Overview of the trimBam function of bamUtil

The trimBam option on the bamUtil executable trims the end of reads in a SAM/BAM file, changing read ends to ‘N’ and quality to ‘!’, or by soft clipping (if command-line option, --clip is specified).

Usage

./bam trimBam [inFile] [outFile] [num-bases-to-trim-on-each-side]

Version 1.0.6 and later:

Alternately, the number of bases from each side can be specified (either or both -L/-R (--left/--right) can be specified):

./bam trimBam [inFile] [outFile] -L [num-bases-to-trim-from-left] -R [num-bases-to-trim-from-right]

By default reverse strands are reversed and then the left & right are trimmed.

This means that --left actually trims from the right of the read in the SAM/BAM for reverse reads.

Optionally --ignoreStrand/-i can be specified to ignore the strand information and treat forward/reverse the same.

trimBam will modify the sequences to 'N', and the quality string to '!' unless the optional parameter --clip/-c is specified. If --clip/-c is specified, the ends will be soft clipped instead of modified.


Soft Clipping Notes (--clip/-c)

Available in version 1.0.14 and later.

When soft clipping:

  • if the entire read would be soft clipped, no clipping is done, and instead the read is marked as unmapped
  • mate information is not updated (start positions/mapping may change after soft clipping)
    • run samtools fixmate to fix mate information (will first need to sort by read name)
  • output is not sorted (start positions/mapping may change after soft clipping)
    • run samtools sort to resort by coordinate (after fixmate)
  • soft clips already in the read are maintained or added to
    • if 3 bases were clipped and 2 are specified to be clipped, no change is made to that end
    • if 3 bases were clipped and 5 are specified to be clipped, 2 additional bases are clipped from that end

Fixing the mate/resorting

In order to update the mate, samtools fixmate must be run.

In order to reorder the file, samtools sort must be run.

Notes about the samtools programs:

  • samtools fixmate requires the file to be sorted by query name.
  • samtools sort cannot write to pipes.

Steps

  1. Run this program and pipe it into samtools sort by query name
    • ./bam trimBam <your InputFile> - [#basesToTrim] [any other options] -c | samtools sort -n - tempQuerySort
  2. Run samtools fixmate and pipe it into samtools sort by position
    •  samtools fixmate tempQuerySort.bam - | samtools sort - finalResult

Parameters

    Required Parameters:
        inFile  : the SAM/BAM file to be read
        outFile : the SAM/BAM file to be written
        num-bases-to-trim-on-each-side : the number of bases/qualities to trim from each side
    Instead of num-bases-to-trim-on-each-side, -L/-R (or --left/--right) can be specified to indicate the number of bases to trim from the left/right (left/right are reversed for reverse strands)
    Optional Parameters:
        --ignoreStrand : ignore strand information - do not reverse left/right for reverse reads
        --clip         : soft clip the ends rather than setting to N/!
	PhoneHome:
		--noPhoneHome       : disable PhoneHome (default enabled)
		--phoneHomeThinning : adjust the PhoneHome thinning parameter (default 50)

Required Parameters

Input File (1st argument)

The 1st argument is the name of the input SAM/BAM file.

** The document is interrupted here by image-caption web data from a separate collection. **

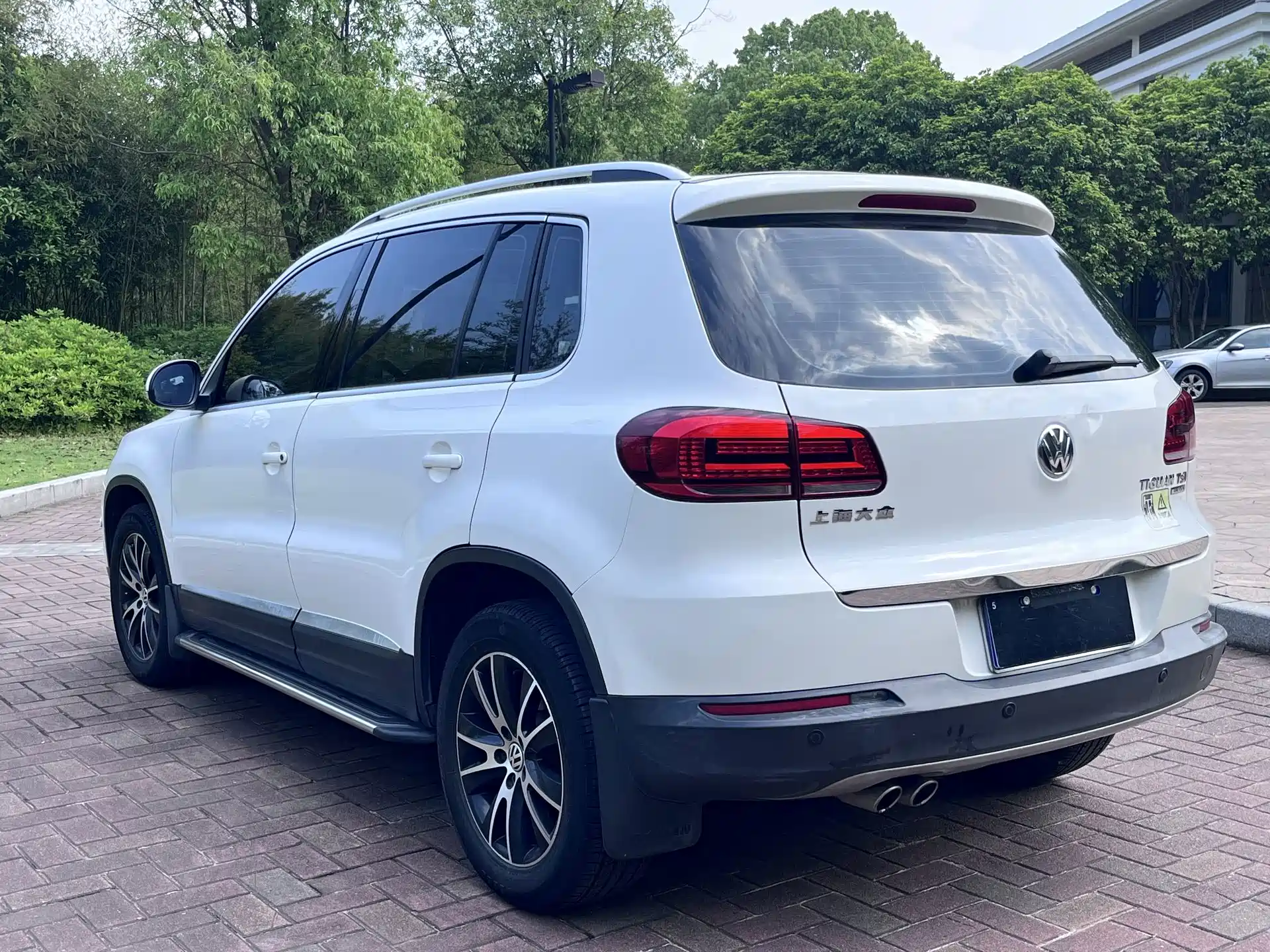 Фото 4 - Volkswagen Tiguan
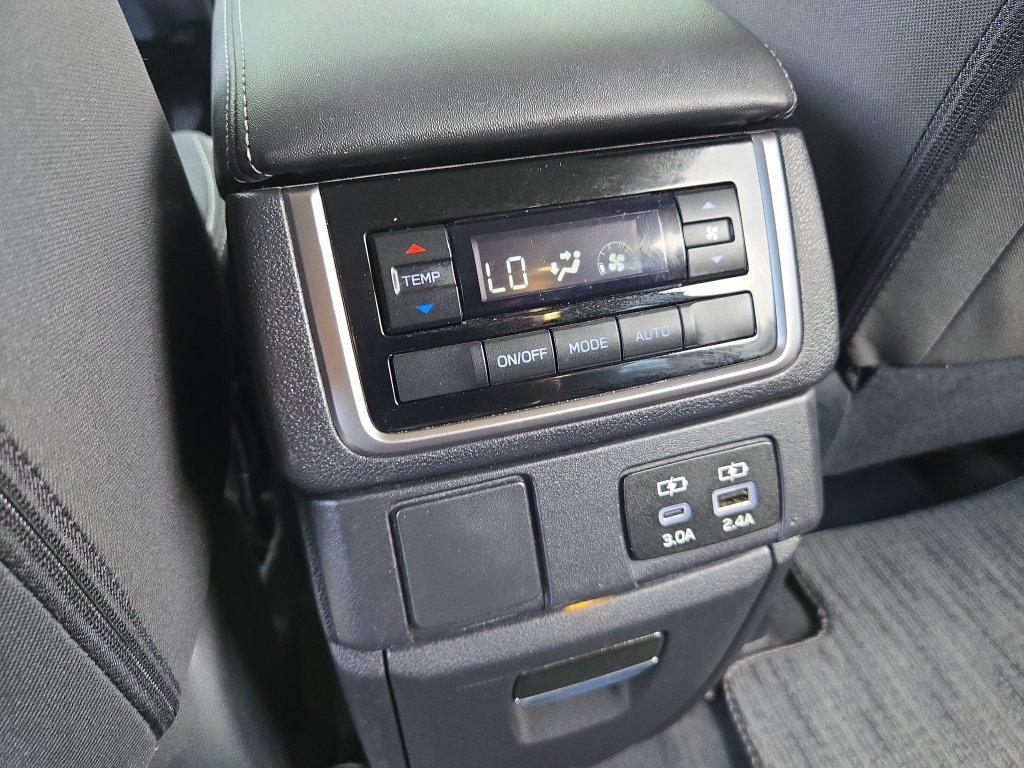 Used 2025 Subaru Ascent Premium AWD/4WD image 27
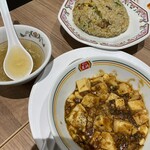 餃子の王将 - 麻婆豆腐ジャスト、炒飯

The program automatically determines if your input file is SAM/BAM/uncompressed BAM without any input other than a filename from the user, unless your input file is stdin.

A - is used to indicate to read from stdin and the extension is used to determine the file type (no extension indicates SAM).

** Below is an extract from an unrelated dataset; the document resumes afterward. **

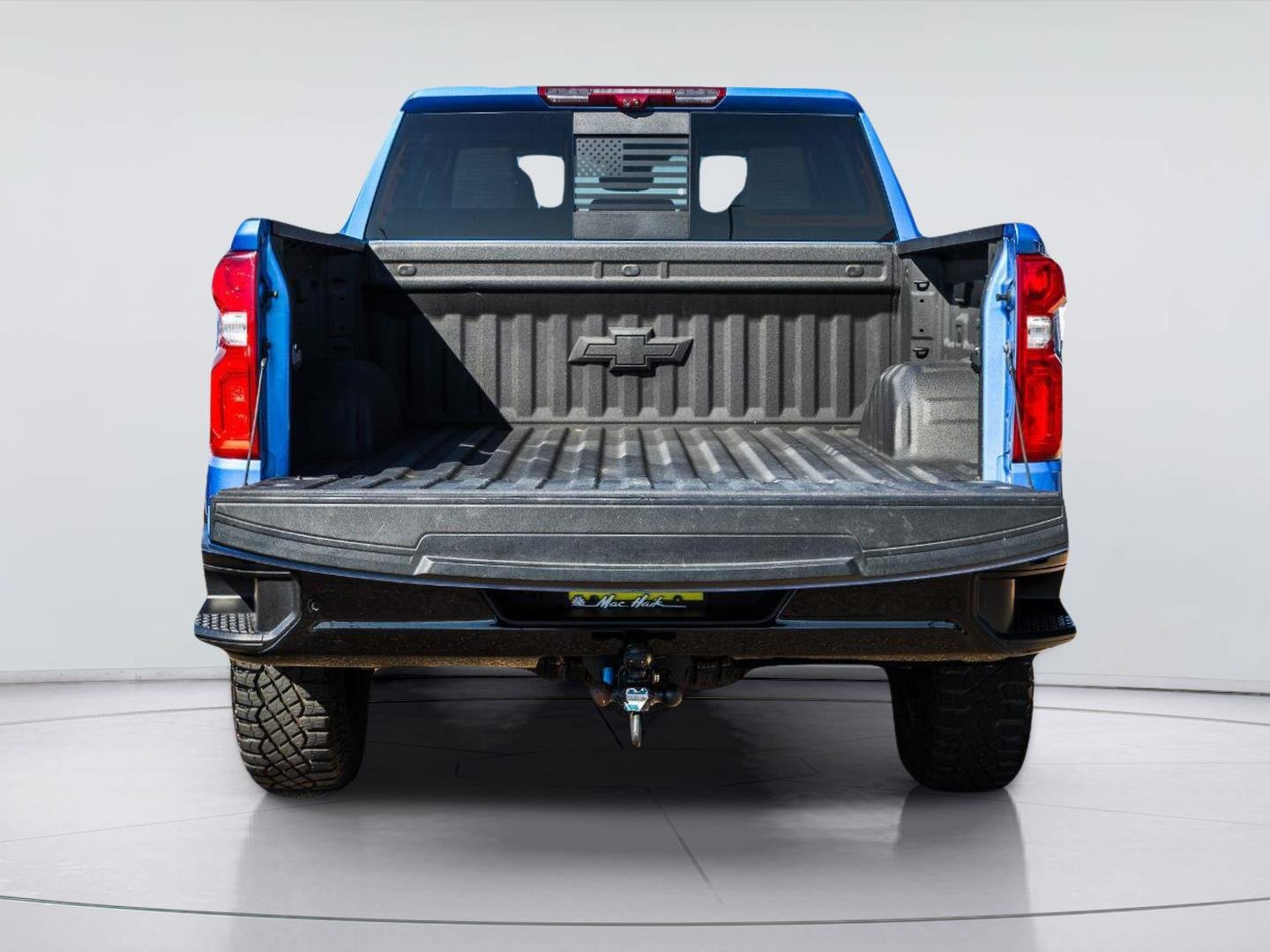 Used 2025 Chevrolet Silverado 1500 ZR2 w/ Technology Package AWD/4WD image 9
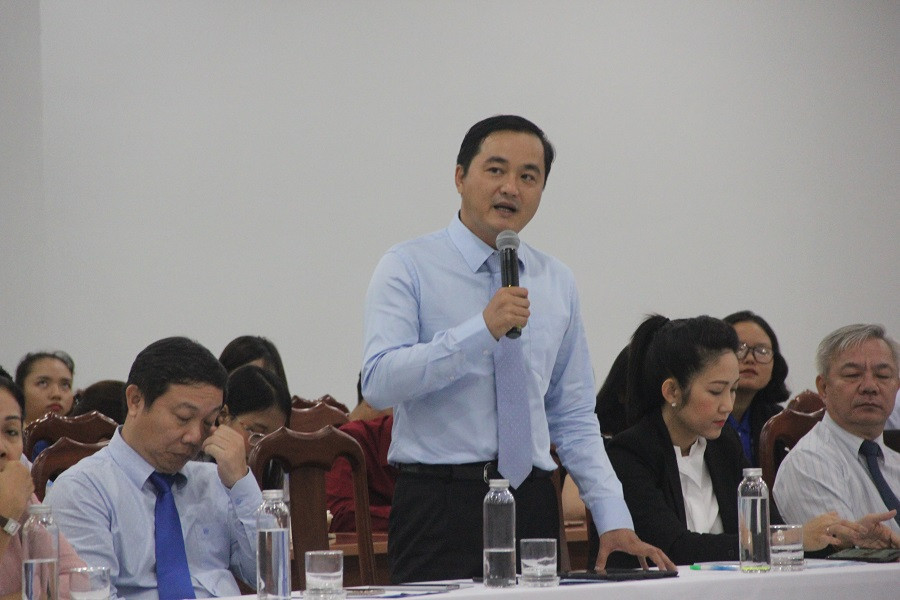 Lãnh đạo các Sở, ngành trao đổi ý kiến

SAM/BAM/Uncompressed BAM from file yourFileName
SAM from stdin -
BAM from stdin -.bam
Uncompressed BAM from stdin -.ubam


Note: Uncompressed BAM is compressed using compression level-0 (so it is not an entirely uncompressed file). This matches the samtools implementation so pipes between our tools and samtools are supported.

Output File (2nd argument)

The 2nd argument is the name of the output SAM/BAM file.

The file extension is used to determine whether to write SAM/BAM/uncompressed BAM. A - is used to indicate stdout and the extension for file type (no extension is SAM).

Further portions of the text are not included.